By Louise Mathews
We have just returned from week-long trip via American Airlines and Delta. What a great country we live in! We can depart from friendly Savannah-Hilton Head International to pass through hectic Charlotte or Atlanta and end up in gawdy Harry Reid International, the gateway to the Entertainment Capital of the World.
Family whisked us to the sanity of Boulder City, Nev., where we ate, watched football, shopped, visited friends, observed Hoover Dam, and saw the mesmerizing Wizard of Oz at the Sphere (OK, Las Vegas).
On the first leg of the journey, I sat next to a very nice lady about my age. She hailed from Callawassie and was on her way to visit family for Thanksgiving, too. We exchanged pleasantries before the take-off, then settled into reading once we were in the air.

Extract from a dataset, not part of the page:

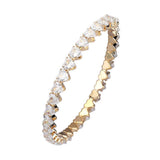 Heart CZ Stone Cluster Embellished Adjustable Evening Bracelet - Madeline Love - Flyclothing LLC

At some point, both of us stopped, and she surprised me by bringing up the topic of ICE raids, possibly because we were traveling to Charlotte. She expressed her dismay about the raids and the fact that ICE agents covered their faces.
I swallowed my desire to respond with, “So does Antifa,” but calmly stated instead that I thought they cover their faces to protect their identities because there have been so many threats against them.
My neighbor stated that ICE agents had raided elementary schools. I asked where that had happened. She didn’t know, but a group of friends and neighbors who met regularly to discuss politics said it had happened. I asked if everyone in the group shared the same political views; she said they did.
My father was an attorney, and often he would prod us to debate the news of the day. We were supposed to defend the position in which we didn’t believe. My next statement came out of that background.
“I think it’s much more interesting and even fun to have debates with a person who has the opposing view.”
To that she responded that I needed to watch more than FOX. She had probably spied the news app on my tablet.
I explained that I read the news; I don’t watch it because I was tired of the hysteria on news channels. Her response was that I should watch ABC or CNN. I said I try to get news from several sources, and that all news sources are biased.
Trying to lighten the tone of our conversation, I expressed a deeply held belief: “Well, politics isn’t everything.”
She retorted, “Tell that to the Jews!”
I stopped. I looked at her. I said, “I don’t understand”.
She said, “Politics was everything to the Jews in Germany.”
We were getting close to someone saying the new awful “N” word. I am convinced that most of the people who use that name have absolutely no idea what National Socialism was. They know there was a dictator named Hitler who killed millions of people, and probably they think the current President is a dictator, so they call him and people whose political thinking is right of center “Nazis.”
I responded with a statement to the effect that what happened in Nazi Germany was an extraordinary descent into evil that was way beyond politics … and that was it. Our plane was on final approach. We landed, said some nice pleasantries about the holidays, and went our separate ways.
On the next flight, I googled ICE and elementary schools. There have been many articles, primarily in the legacy media, about the possibility that ICE might raid schools, but to date ICE has not raided any elementary, middle or high schools. Department of Homeland Security spokespeople have been emphatic in stating ICE does not and will not raid schools.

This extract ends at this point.